▶ [Your instructions]
One part of the entries below is wanted: the lines from the one containing "EEZRV TPMS8ATCB - Tire" through the one containing "Boys Girls White". Write those out exactly and nothing else.

▶ [Listed records]

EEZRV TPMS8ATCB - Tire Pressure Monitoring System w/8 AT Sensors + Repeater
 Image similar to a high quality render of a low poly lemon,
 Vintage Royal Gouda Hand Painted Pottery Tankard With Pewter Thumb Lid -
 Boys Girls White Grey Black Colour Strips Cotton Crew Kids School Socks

--

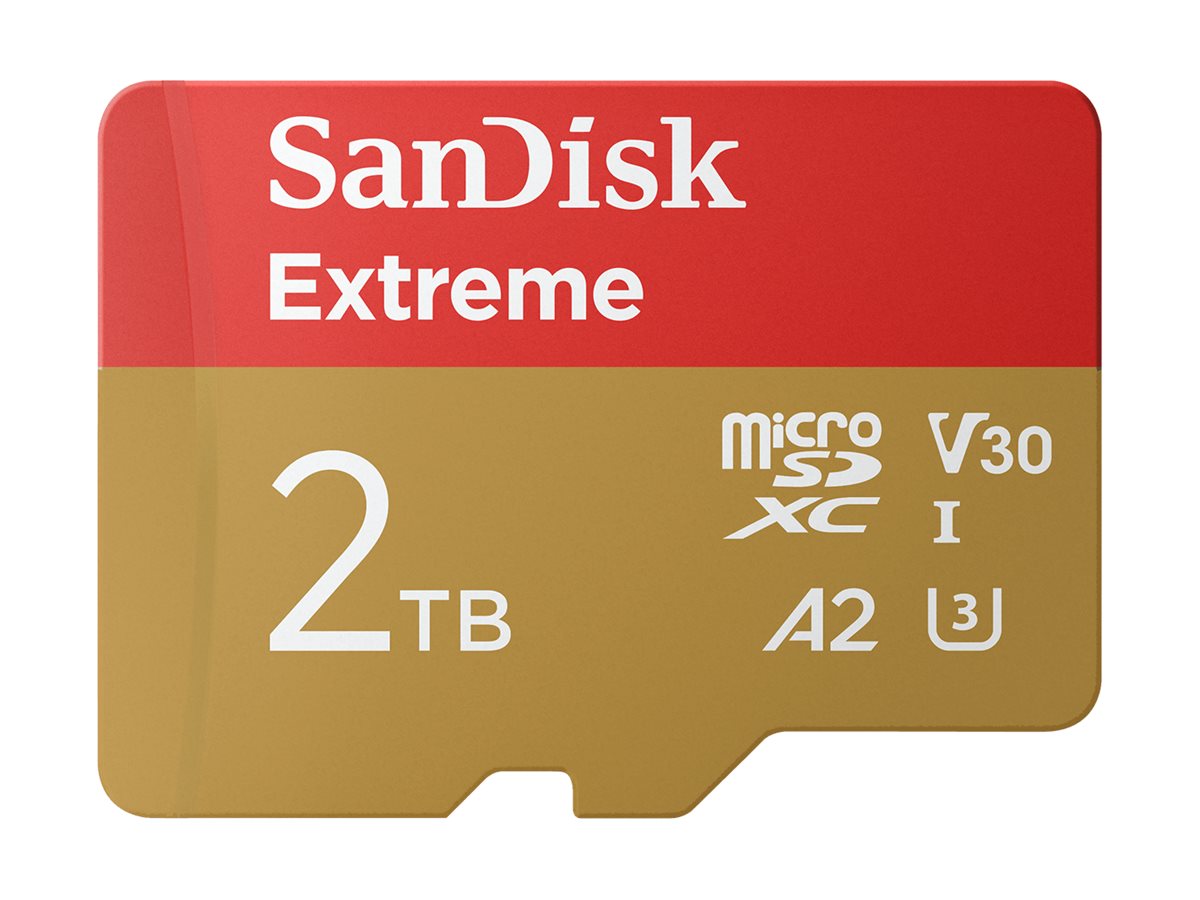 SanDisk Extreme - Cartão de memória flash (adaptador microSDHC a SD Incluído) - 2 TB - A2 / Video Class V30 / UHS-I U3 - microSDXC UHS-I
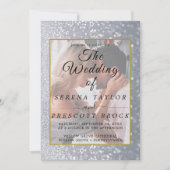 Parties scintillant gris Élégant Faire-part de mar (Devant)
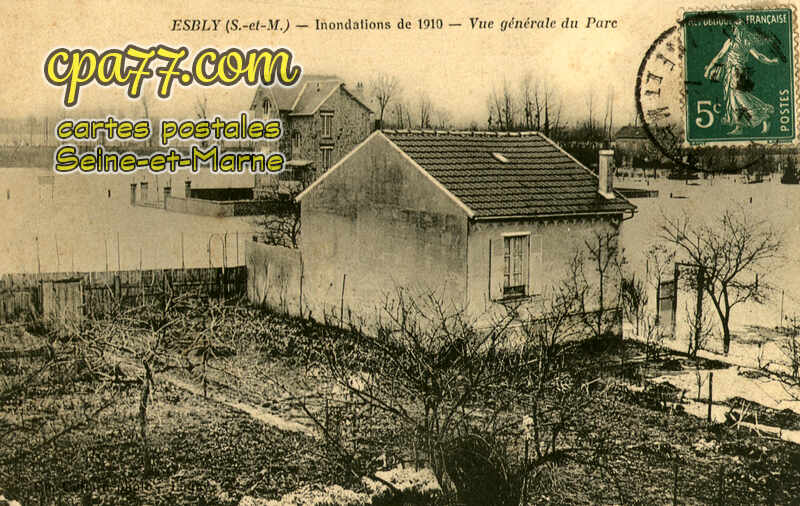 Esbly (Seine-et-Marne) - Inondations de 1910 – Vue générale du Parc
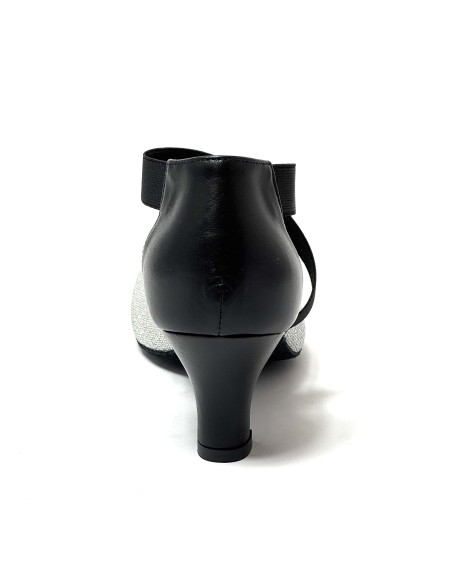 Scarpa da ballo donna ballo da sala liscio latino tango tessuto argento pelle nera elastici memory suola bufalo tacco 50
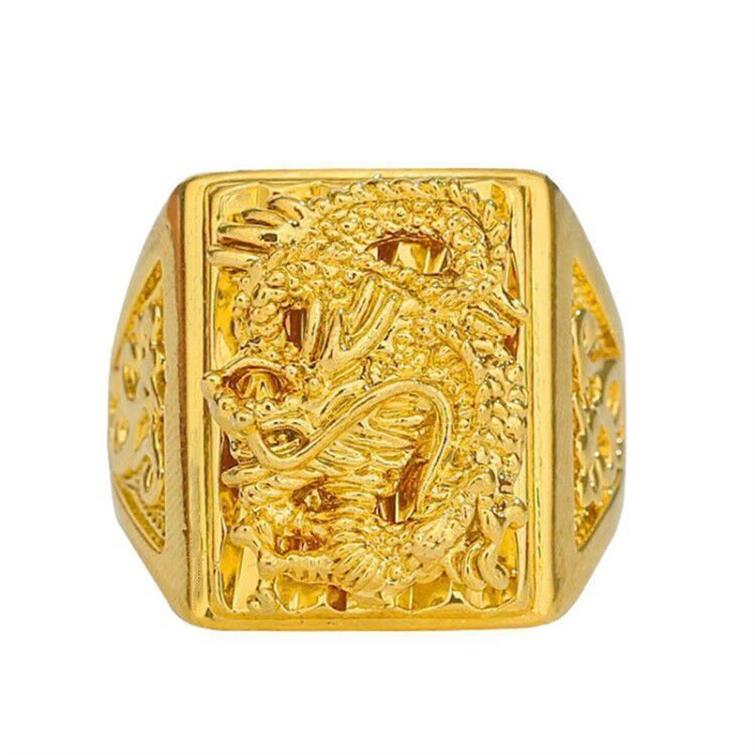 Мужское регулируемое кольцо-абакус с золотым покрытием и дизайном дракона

* * *

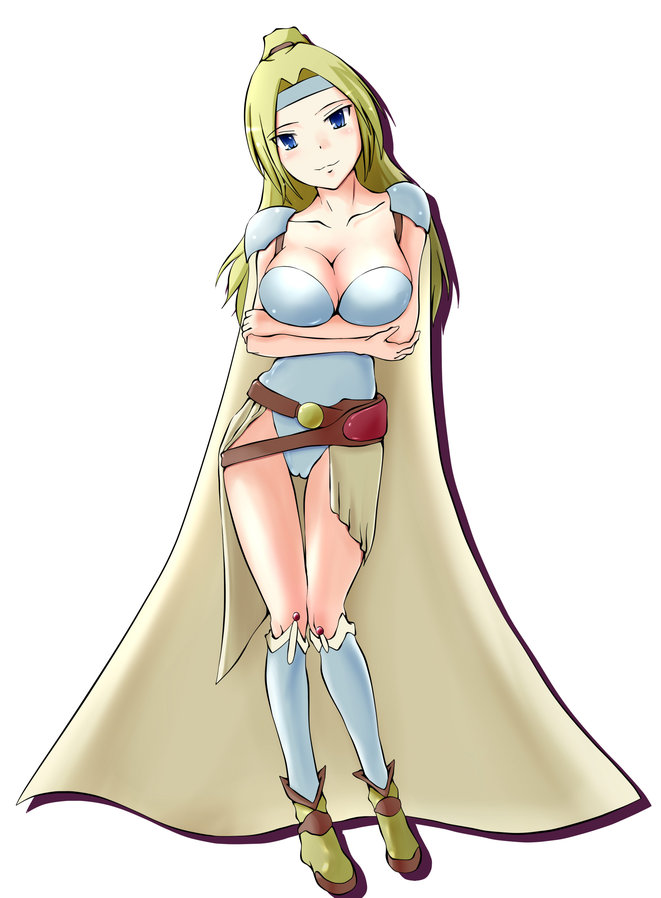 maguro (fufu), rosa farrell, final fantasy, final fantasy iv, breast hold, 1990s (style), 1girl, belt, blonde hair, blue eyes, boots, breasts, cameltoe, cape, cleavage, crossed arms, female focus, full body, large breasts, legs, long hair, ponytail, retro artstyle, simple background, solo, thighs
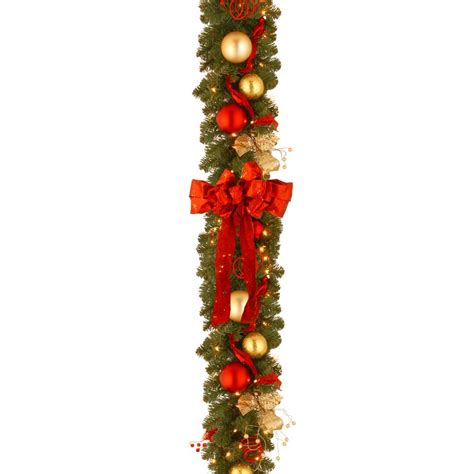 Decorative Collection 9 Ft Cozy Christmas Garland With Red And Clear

▶ [Answer box]
EEZRV TPMS8ATCB - Tire Pressure Monitoring System w/8 AT Sensors + Repeater
 Image similar to a high quality render of a low poly lemon,
 Vintage Royal Gouda Hand Painted Pottery Tankard With Pewter Thumb Lid -
 Boys Girls White Grey Black Colour Strips Cotton Crew Kids School Socks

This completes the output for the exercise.